Evers and other Democrats counter that it can help businesses and people who continue to be hurt by the pandemic and putting the Legislature in control of how it’s spent would only slow or stop those efforts.
Three virus-related bills passed last month by the Senate were up for final approval Tuesday in the Assembly, which will send them to Evers. One requires Evers to come up with a plan for all state employees to return to the office. Another prohibits local health officers from taking any action to close or forbid gatherings in places of worship to control coronavirus outbreaks.
A third bill that already passed the Senate and is being taken up in the Assembly would prohibit state or local health officials from requiring anyone to receive the COVID-19 vaccination. Another bill scheduled for a vote in the Assembly would prohibit employers from requiring workers to be vaccinated. That has cleared a Senate committee but not been voted on by the full Senate.

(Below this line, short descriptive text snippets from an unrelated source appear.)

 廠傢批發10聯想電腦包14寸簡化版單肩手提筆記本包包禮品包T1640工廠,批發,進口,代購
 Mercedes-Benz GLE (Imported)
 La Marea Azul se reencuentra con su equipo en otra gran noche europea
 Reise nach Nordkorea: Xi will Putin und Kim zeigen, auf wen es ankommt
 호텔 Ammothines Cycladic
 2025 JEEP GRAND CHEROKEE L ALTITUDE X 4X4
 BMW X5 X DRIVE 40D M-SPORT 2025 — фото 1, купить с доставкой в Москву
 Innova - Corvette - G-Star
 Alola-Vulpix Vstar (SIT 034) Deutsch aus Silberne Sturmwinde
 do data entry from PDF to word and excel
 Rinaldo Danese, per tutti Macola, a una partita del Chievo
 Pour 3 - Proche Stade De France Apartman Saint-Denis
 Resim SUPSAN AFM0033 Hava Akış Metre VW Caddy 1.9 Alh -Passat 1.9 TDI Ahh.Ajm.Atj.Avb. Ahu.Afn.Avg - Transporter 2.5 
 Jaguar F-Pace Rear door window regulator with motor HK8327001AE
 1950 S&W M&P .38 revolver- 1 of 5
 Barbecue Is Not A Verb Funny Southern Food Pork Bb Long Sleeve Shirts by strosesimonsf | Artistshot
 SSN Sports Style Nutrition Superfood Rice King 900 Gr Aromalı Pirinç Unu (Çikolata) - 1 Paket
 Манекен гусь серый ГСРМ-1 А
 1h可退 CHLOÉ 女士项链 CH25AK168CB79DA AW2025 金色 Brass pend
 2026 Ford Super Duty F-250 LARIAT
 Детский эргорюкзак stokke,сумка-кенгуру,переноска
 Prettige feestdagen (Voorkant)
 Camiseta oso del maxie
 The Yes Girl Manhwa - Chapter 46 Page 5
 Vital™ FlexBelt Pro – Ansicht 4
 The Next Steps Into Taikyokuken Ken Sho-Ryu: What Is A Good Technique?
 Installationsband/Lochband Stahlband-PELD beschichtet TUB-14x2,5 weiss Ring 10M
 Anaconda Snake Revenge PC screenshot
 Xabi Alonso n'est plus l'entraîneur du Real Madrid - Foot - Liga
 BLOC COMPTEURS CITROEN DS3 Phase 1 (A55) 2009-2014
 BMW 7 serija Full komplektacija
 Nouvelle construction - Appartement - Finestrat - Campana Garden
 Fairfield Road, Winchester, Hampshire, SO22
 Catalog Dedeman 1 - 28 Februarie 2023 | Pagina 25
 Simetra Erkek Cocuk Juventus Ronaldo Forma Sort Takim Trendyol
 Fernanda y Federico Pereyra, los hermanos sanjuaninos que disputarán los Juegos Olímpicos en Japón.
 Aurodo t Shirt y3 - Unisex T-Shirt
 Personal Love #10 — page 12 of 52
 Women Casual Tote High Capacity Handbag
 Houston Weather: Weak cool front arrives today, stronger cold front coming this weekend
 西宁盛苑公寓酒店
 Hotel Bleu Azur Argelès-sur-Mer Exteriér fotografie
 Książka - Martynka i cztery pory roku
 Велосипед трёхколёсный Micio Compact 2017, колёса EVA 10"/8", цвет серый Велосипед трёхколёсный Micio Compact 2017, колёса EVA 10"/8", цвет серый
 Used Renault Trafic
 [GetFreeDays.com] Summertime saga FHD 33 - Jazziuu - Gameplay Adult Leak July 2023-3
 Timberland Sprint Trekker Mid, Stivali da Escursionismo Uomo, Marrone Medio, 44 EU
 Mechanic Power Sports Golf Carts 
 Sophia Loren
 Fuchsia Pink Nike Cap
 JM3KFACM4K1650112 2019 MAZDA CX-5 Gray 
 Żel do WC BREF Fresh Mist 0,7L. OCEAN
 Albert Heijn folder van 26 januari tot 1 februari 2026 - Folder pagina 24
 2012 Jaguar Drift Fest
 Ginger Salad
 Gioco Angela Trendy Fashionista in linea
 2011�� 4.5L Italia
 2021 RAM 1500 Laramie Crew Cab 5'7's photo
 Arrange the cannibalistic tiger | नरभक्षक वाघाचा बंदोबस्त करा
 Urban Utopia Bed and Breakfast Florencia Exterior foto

Doctors, public health officials, business leaders and others have all come out against the bills barring the ordering of vaccinations. Supporters include the anti-abortion groups Wisconsin Family Action and Pro-Life Wisconsin as well as the anti-vaccination group called Vaccine Choice Wisconsin.
More than 25% of people age 16 and over in Wisconsin has received at least one dose of the vaccine, with around 15% full vaccinated, according to the state Department of Health Services.
Those eligible for the vaccine increased by more than 2 million people on Monday to include those with a wide array of preexisting conditions. Everyone age 16 and up is slated to be eligible no later than May 1.